Edward and Bella are mirror images of each other. They both suffer from unyieldingly low self-image and they are both extremely immature and unsure of themselves. Edward has been alive for 108 years and not once, in the four books, does Bella ask him what he’s seen or learned, about his life experiences. She has no idea who he is. Edward has made Bella up in his head. He projects his fantasy of the perfect girl onto her and assumes, based on this projection, who she is. So strangely enough, what the book does illustrate clearly is that what we always find when we are dysfunctional is ourselves. I would have been happy with this turn of events if I thought for one minute that Stephenie Meyer did that on purpose, to teach her readers something, but that is so apparently untrue.
Instead, what Stephenie would have us believe is that you can dislike yourself and never put an ounce of effort into creating a life for yourself but still find true love with a wonderful person; she’d like us to believe that you can focus on the external and create a healthy, strong, “perfect” relationship based on physical attraction; she wants us to believe that you can use people to make yourself feel better and not suffer the horrible repercussions that always result from such selfish behavior; she’d like us to believe that you can be that insensitive and everything will turn out great in the end; she’d like young girls to think a man who follows them around or creeps into their bedroom at night does so because he loves them and wants them to be safe; she wants us to accept that a woman having no goals and no desires outside of wanting to be with a man is actually okay and an indication of a strong personality.
Does Stephenie Meyer realize how dangerous it is to present this highly toxic relationship as an example of the functional, perfect, romantic relationship that we should all long for? Is there some reason why I left a theater showing thirteen sold-out screens of the midnight pre-showing of New Moon, and actually heard grown women fawning over this story?

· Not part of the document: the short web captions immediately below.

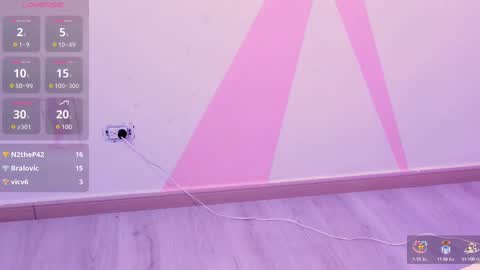 julietakane online show from March 4, 2025, 8:24 am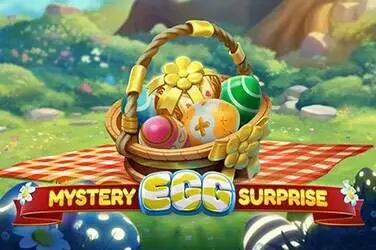 Mystery Egg Surprise artwork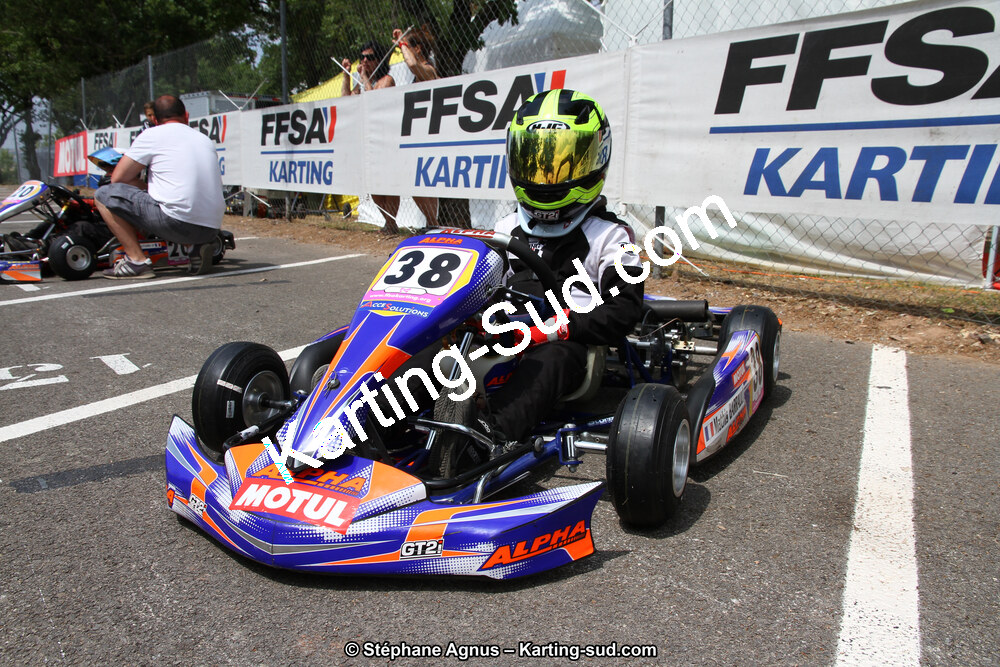 27 & 28/06/2015 : Championnat de France X30 et Coupe de France Minikart à Belmont sur Rance (Photos Stéphane Agnus) 2015 — karting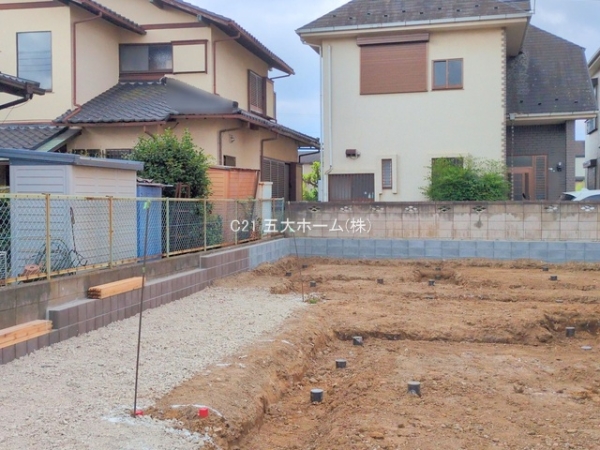 市川市本北方１丁目の新築一戸建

Because I don’t get it. The best books I think presents us with characters that remind us of ourselves and then rise above our faults. The Twilight series fails in that task in my opinion. Completely.
AUTHORS NOTE: In response to this article, I have received some comments that accuse me of condemning people who struggle with emotional disorders/mental disabilities to a life without love and labeling them as unlovable. I do not at all hold these sentiments/ideas or beliefs. The end of my piece speaks to the unaddressed dysfunctional co-dependency I see in society, and in our literature and film/television mediums and the presentation of them as healthy, enviable relationships. This piece is not a veiled attacked on a group of people and was not meant to speak to anything but the undeveloped characters which Meyer’s describes in her book, the perfect love which she irresponsibly claims that they have and the ways in which America has bought into this fantasy.